Item 1.01 Entry into a Material Definitive Agreement.
     On September 13, 2010, W. R. Berkley Corporation (the “Company”) agreed to sell $300 million aggregate principal amount of its 5.375% Senior Notes due 2020 (the “Securities”). The Securities were offered pursuant to the Prospectus Supplement dated September 13, 2010 to the Prospectus dated November 26, 2008, filed as part of the Registration Statement on Form S-3 (No. 333-155724) that became effective when filed with the Securities and Exchange Commission on November 26, 2008.
     Underwriting Agreement
     On September 13, 2010, the Company entered into an underwriting agreement with Banc of America Securities LLC, as representative of the underwriters named therein, with respect to the offer and sale of $300 million aggregate principal amount of the Securities.

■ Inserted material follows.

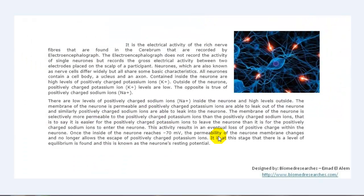Now we will learn how the electrical signal is generated from the brain. The electrical activity of the nerve fibers found in the cerebrum is recorded by the electroencephalograph. The EEG does not record the activity of single neurons, but records the gross electrical activity between two electrodes placed on the scalp. For example, if the montage label says FP1-F3, the EEG machine calculates the potential difference between FP1 and F3, and so on for the remaining labels.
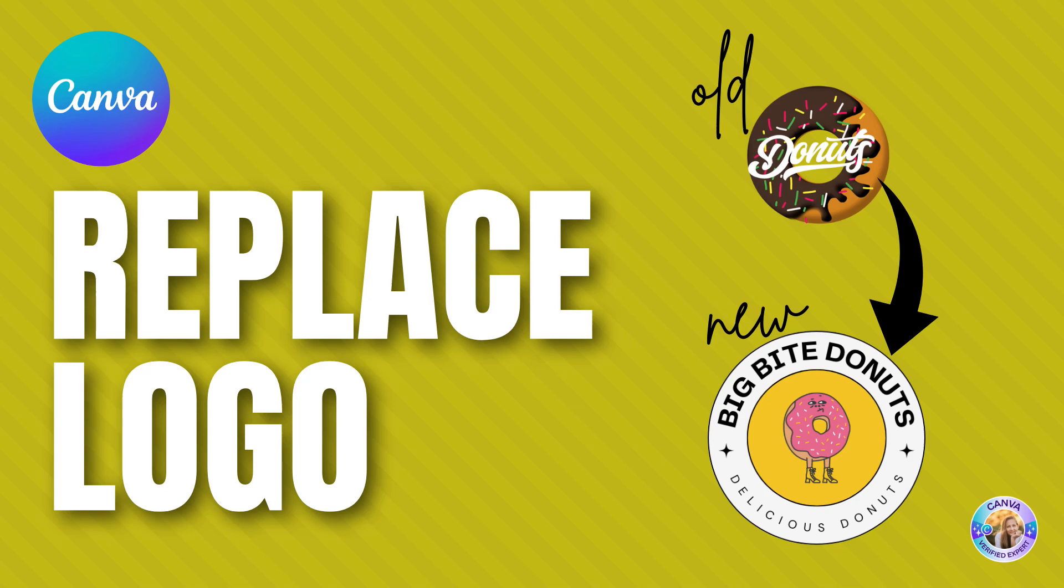Hi, this is Adas for Mike in Canva, and in this tutorial I'd like to introduce to you the new exciting feature that Canva has added, and that is to replace your logo in all your presentation slides within one click.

A copy of the Underwriting Agreement is attached as Exhibit 1.1 hereto.
     Seventh Supplemental Indenture
     Attached as Exhibits 4.1 and 4.2 hereto are the Indenture, relating to Senior Debt Securities, dated as of February 14, 2003, between the Company and The Bank of New York Mellon (formerly The Bank of New York), as trustee (the “Trustee”) (the “Indenture”), and the Seventh Supplemental Indenture, relating to the Securities, entered into between the Company and the Trustee on September 16, 2010 (the “Seventh Supplemental Indenture”).
Item 9.01 Financial Statements and Exhibits.
     The exhibits to this report are incorporated by reference into Registration Statement (No. 333-155724) filed by the Company.
     (d) Exhibits
  1.1   Underwriting Agreement, dated as of September 13, 2010, between the Company and Banc of America Securities LLC, as representative of the underwriters named therein.
 
  4.1   Indenture, dated as of February 14, 2003, between the Company and the Trustee.*
 
  4.2   Seventh Supplemental Indenture, dated as of September 16, 2010, between the Company and the Trustee, including the form of the Securities attached as Exhibit A thereto.
 
  5.1   Opinion of Willkie Farr & Gallagher LLP regarding the legality of the Securities.
 
  12.1   Computation of Ratio of Earnings to Fixed Charges.
 
  23.1   Consent of Willkie Farr & Gallagher LLP (included in Exhibit 5.1 hereto).
 
*   Incorporated by reference to Exhibit 4.1 to the Company’s Annual Report on Form 10-K (File No. 001-15202), filed March 31, 2003.

 


 

SIGNATURES
     Pursuant to the requirements of the Securities Exchange Act of 1934, the registrant has duly caused this report to be signed on its behalf by the undersigned hereunto duly authorized.
         
  W. R. BERKLEY CORPORATION
 
 
  By:   /s/ Eugene G. Ballard    
    Name:   Eugene G. Ballard   
    Title:   Senior Vice President -
Chief Financial Officer 
 
 
Date: September 16, 2010

 


 

EXHIBIT INDEX
Exhibit:
1.1   Underwriting Agreement, dated as of September 13, 2010, between the Company and Banc of America Securities LLC, as representative of the underwriters named therein.
 
4.1   Indenture, dated as of February 14, 2003, between the Company and the Trustee.*
 
4.2   Seventh Supplemental Indenture, dated as of September 16, 2010, between the Company and the Trustee, including the form of the Securities attached as Exhibit A thereto.
 
5.1   Opinion of Willkie Farr & Gallagher LLP regarding the legality of the Securities.
 
12.1   Computation of Ratio of Earnings to Fixed Charges.
 
23.1   Consent of Willkie Farr & Gallagher LLP (included in Exhibit 5.1 hereto).
 
*   Incorporated by reference to Exhibit 4.1 to the Company’s Annual Report on Form 10-K (File No. 001-15202), filed March 31, 2003.